INFORMATION GIVEN>
──────────

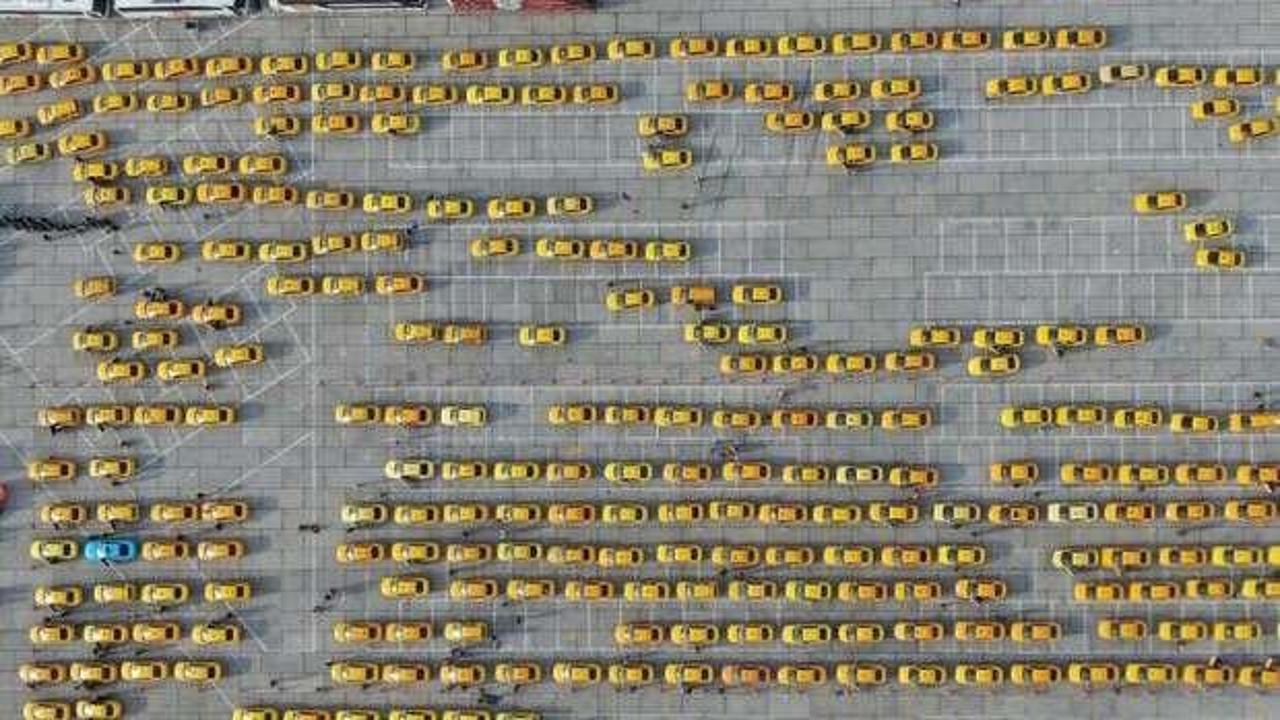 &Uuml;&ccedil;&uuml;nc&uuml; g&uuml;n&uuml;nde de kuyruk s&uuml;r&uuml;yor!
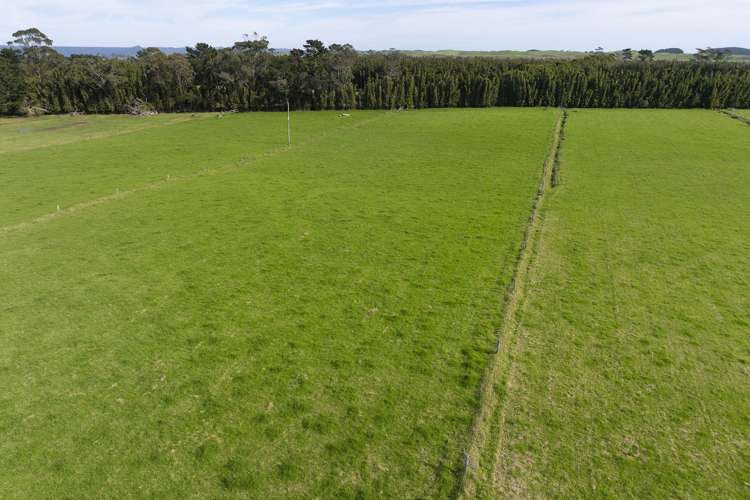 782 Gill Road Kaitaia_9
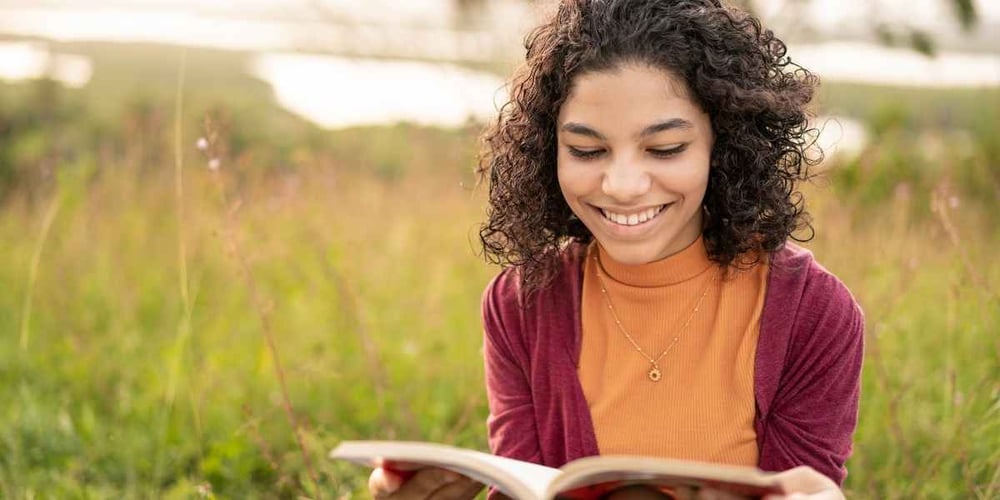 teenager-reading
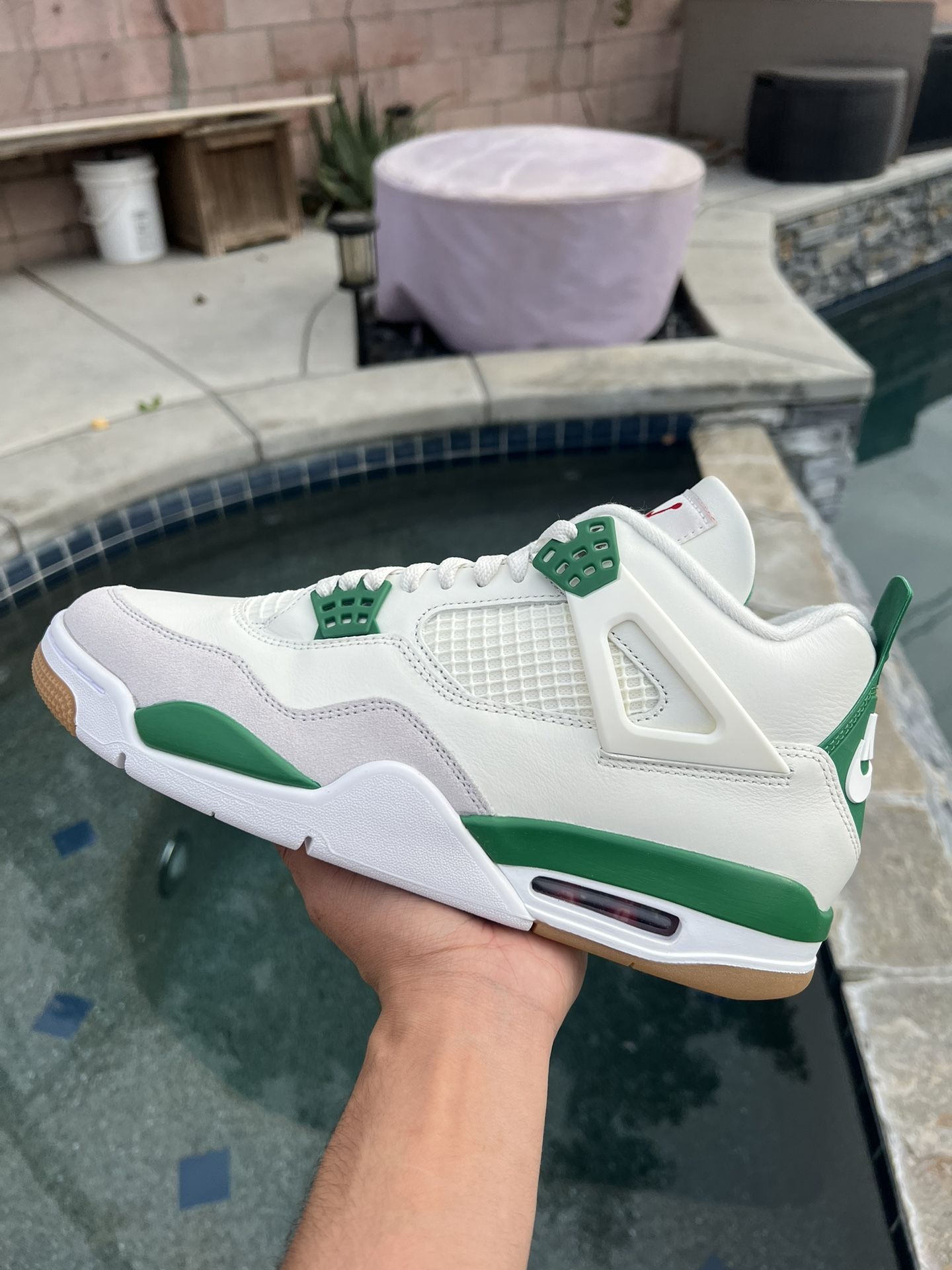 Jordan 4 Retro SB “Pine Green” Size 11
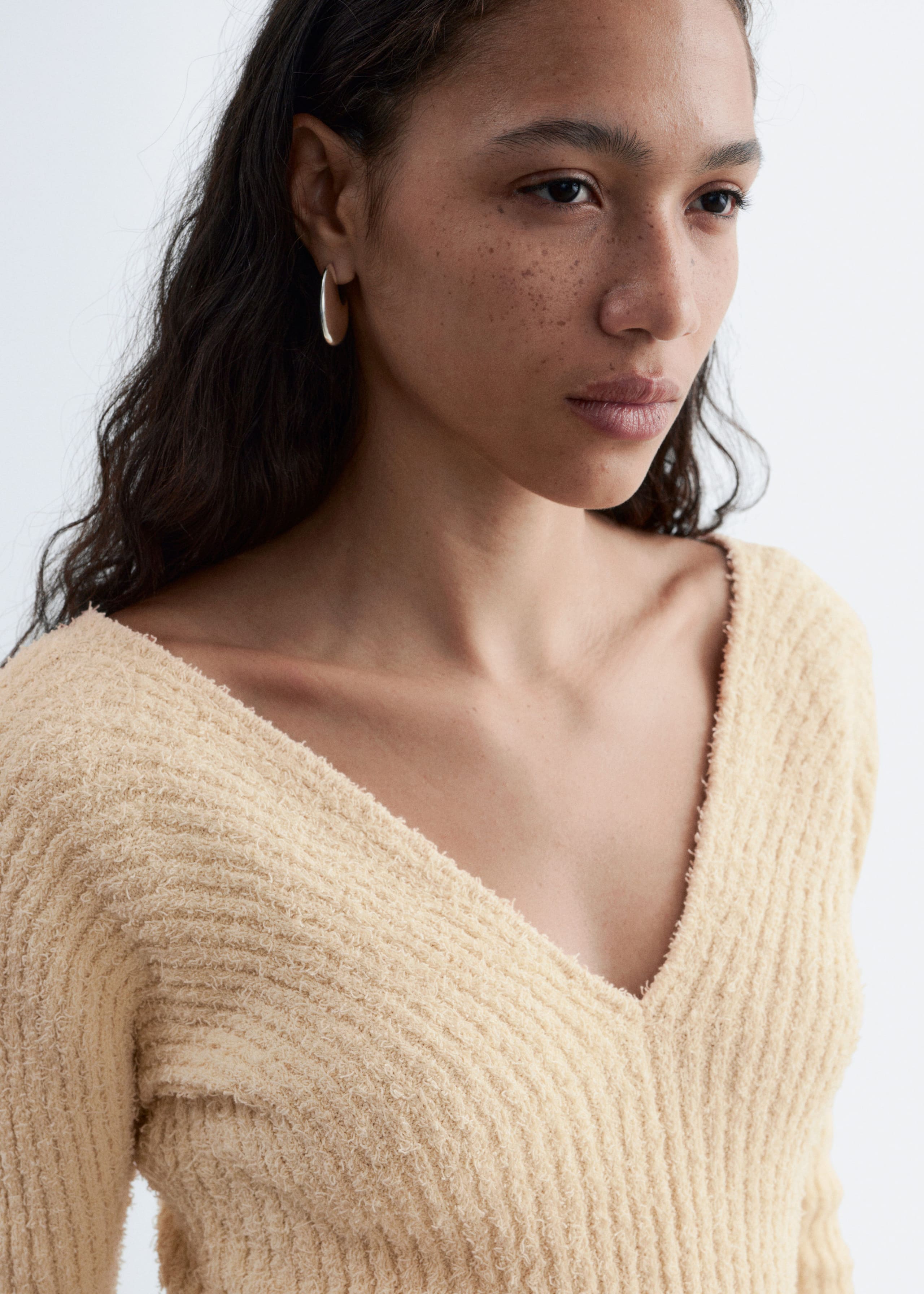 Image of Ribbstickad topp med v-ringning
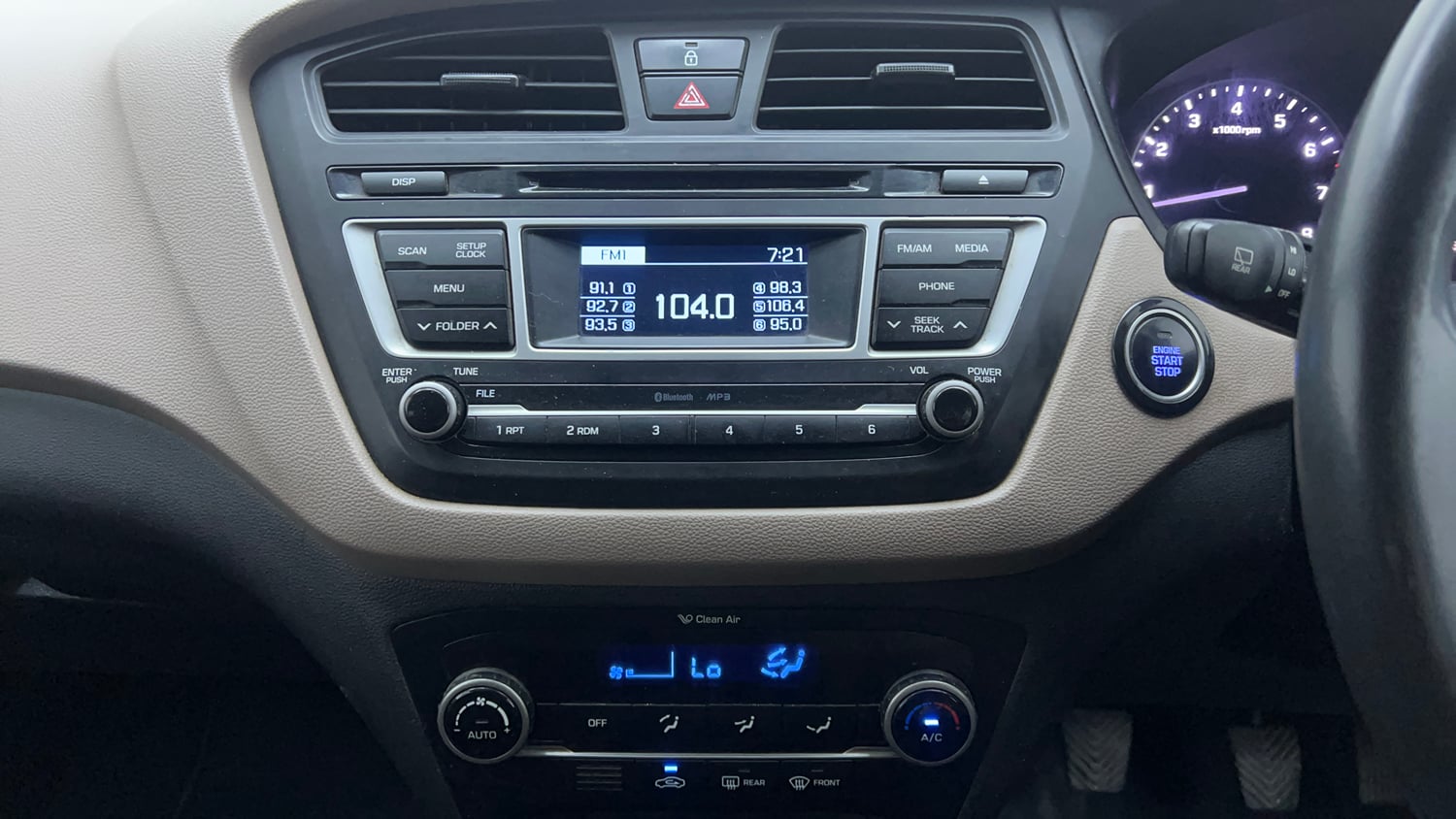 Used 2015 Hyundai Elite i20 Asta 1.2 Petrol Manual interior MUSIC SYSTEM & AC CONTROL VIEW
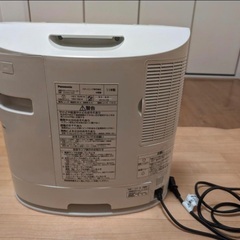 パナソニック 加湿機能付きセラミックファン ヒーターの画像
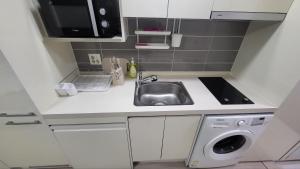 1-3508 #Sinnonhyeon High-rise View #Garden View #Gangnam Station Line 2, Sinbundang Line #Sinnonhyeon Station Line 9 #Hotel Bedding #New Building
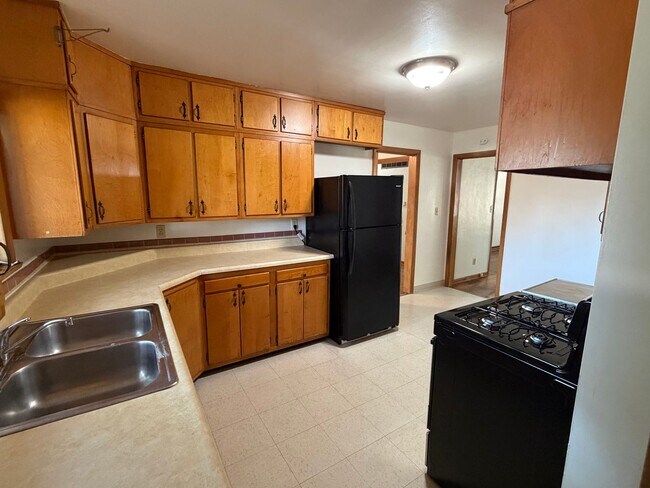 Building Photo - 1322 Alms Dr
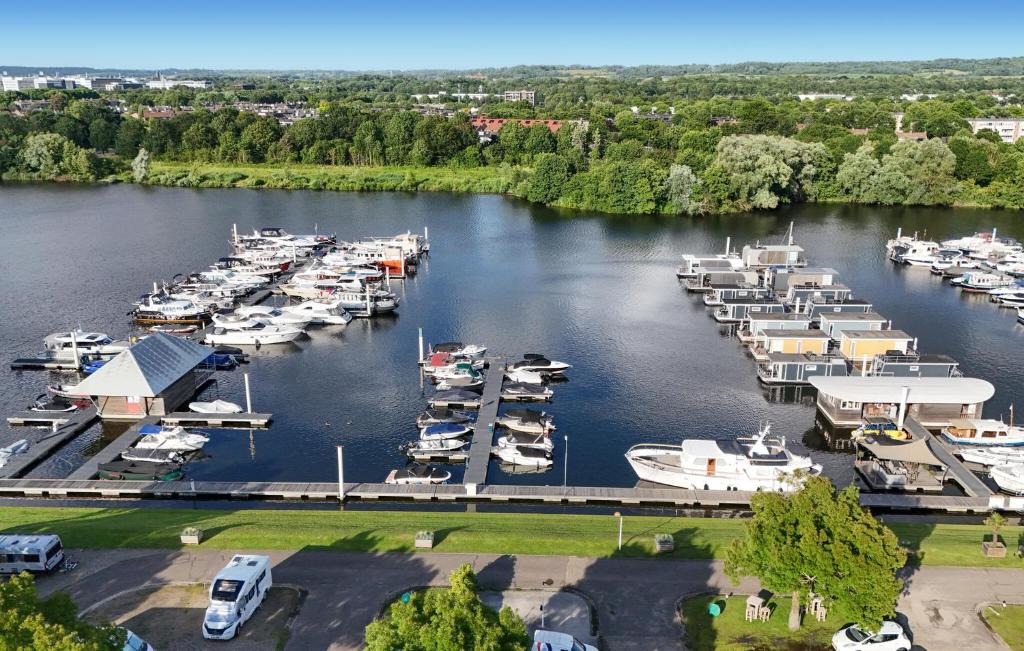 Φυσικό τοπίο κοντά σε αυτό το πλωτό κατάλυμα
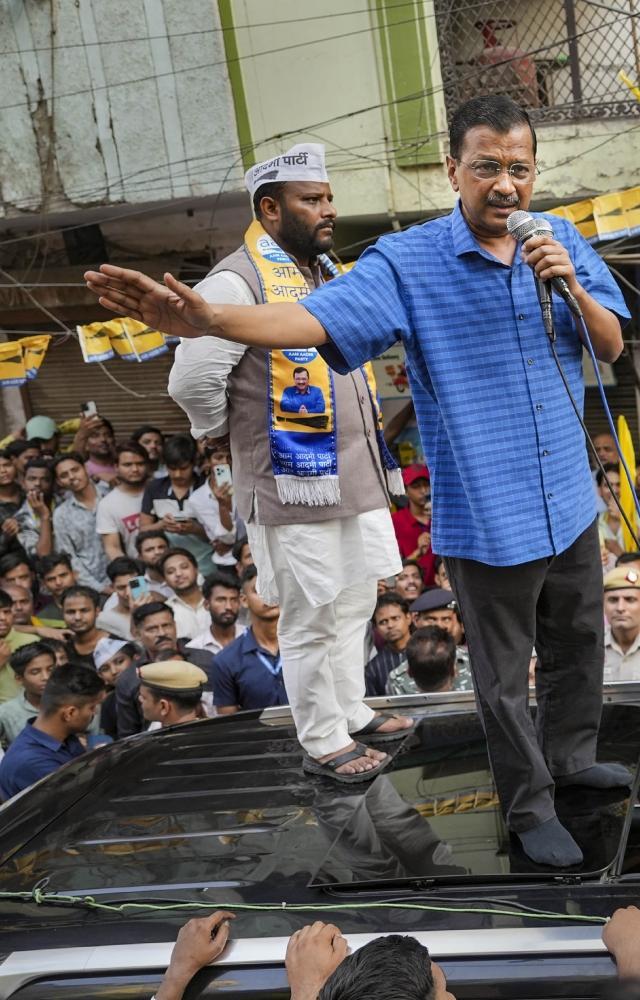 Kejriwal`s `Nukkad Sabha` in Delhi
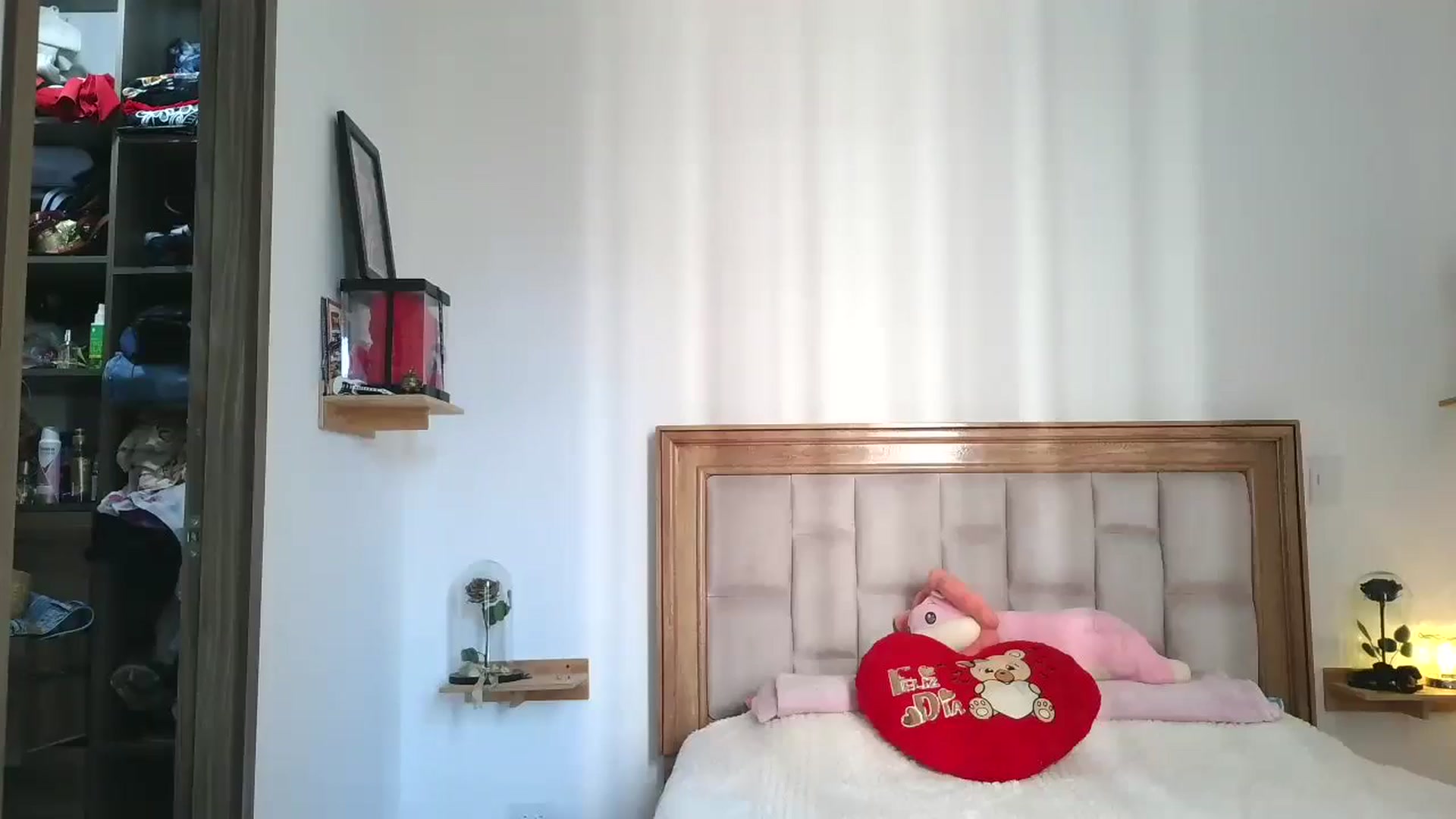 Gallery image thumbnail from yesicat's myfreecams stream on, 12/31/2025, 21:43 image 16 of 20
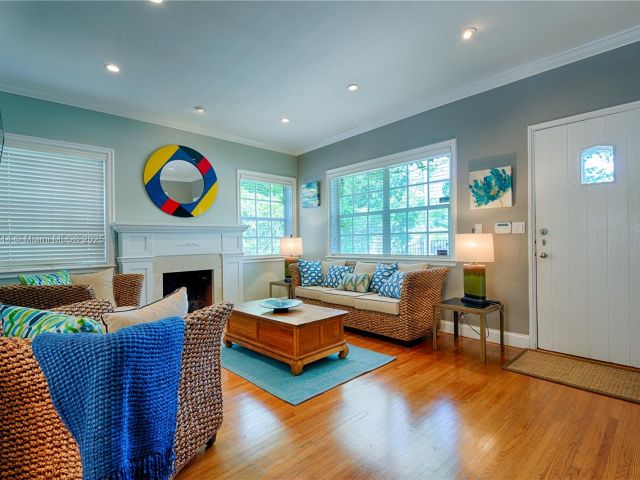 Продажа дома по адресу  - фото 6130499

──────────

TASK DESCRIPTION>
Set down all of the material word for word, minus its pictures.

RESULT OF THE TASK>
 &Uuml;&ccedil;&uuml;nc&uuml; g&uuml;n&uuml;nde de kuyruk s&uuml;r&uuml;yor!
 782 Gill Road Kaitaia_9
 teenager-reading
 Jordan 4 Retro SB “Pine Green” Size 11
 Image of Ribbstickad topp med v-ringning
 Used 2015 Hyundai Elite i20 Asta 1.2 Petrol Manual interior MUSIC SYSTEM & AC CONTROL VIEW
 パナソニック 加湿機能付きセラミックファン ヒーターの画像
 1-3508 #Sinnonhyeon High-rise View #Garden View #Gangnam Station Line 2, Sinbundang Line #Sinnonhyeon Station Line 9 #Hotel Bedding #New Building
 Building Photo - 1322 Alms Dr
 Φυσικό τοπίο κοντά σε αυτό το πλωτό κατάλυμα
 Kejriwal`s `Nukkad Sabha` in Delhi
 Gallery image thumbnail from yesicat's myfreecams stream on, 12/31/2025, 21:43 image 16 of 20
 Продажа дома по адресу  - фото 6130499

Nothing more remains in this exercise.